The Rise of the Cali Drug Cartel | Narco Wars
[music playing]
JIM SHEDD: Gilberto Rogriuez Orejuela and Miguel Rodriguez Orejuela were the heads of a cartel that was totally different than the other cartels. They looked at it more as a business to expand, and they were involved in the cost versus profit. You have to learn who your enemy is; otherwise, you're not going to win the fight. And I studied over a long period of time, the Rodriguez Orejuelas, and they were very smart, strategic thinkers who were always one step ahead of the game.
NARRATOR: Gilberto and Miguel Rodriguez have a piece of several hotels and own Cali's largest shopping center.
NEWS ANNOUNCER: And they own Cali's main passion, the soccer team America.
JIM SHEDD: So, they were to be respected. Yes, they were dopers and traffickers, but you cannot underestimate them. You underestimate people of that caliber, you're doomed.

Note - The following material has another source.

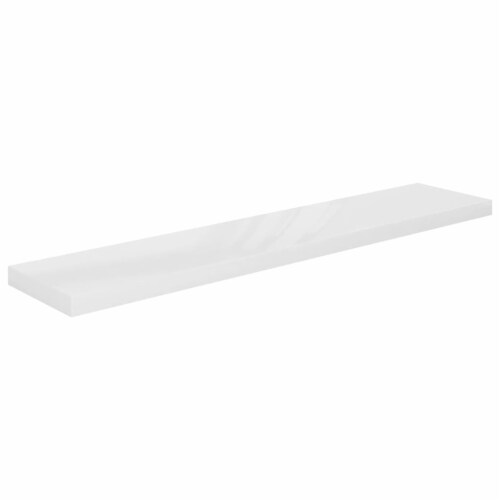 vidaXL Floating Wall Shelf High Gloss White 47.2 x9.3 x1.5 MDF Perspective: back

WILLIAM RODRIGUEZ: My name is William Rodriguez. I'm the son and nephew of the Cali cartel founders, Miguel and Gilberto Rodriguez Orejuela. There was a strategic alliance between my dad, my uncle, and Escobar. They had different ways to see how we should fight this war against authorities. Escobar wanted to do it through violence. We wanted to do it by corruption. My dad Miguel was called El Senor, the Sir. My uncle Gilberto built an economic empire. He wanted to fulfill his dream with my dad because he wanted my dad to be a lawyer. And that's why I wanted to be a lawyer. I want to be like my dad. I wanted to help my family. People think that bandits don't have values. But my dad and uncle did. They have honor. Violence was the last step to resolve the problems because dead people don't pay what they owe.
NARRATOR: Gilberto Miguel Rodriguez are forcing modern business methods on a violent trade.
NARRATOR: The cartel forced its employees to fill out this application form. Cartel hopefuls had to enter the names and addresses of their entire family.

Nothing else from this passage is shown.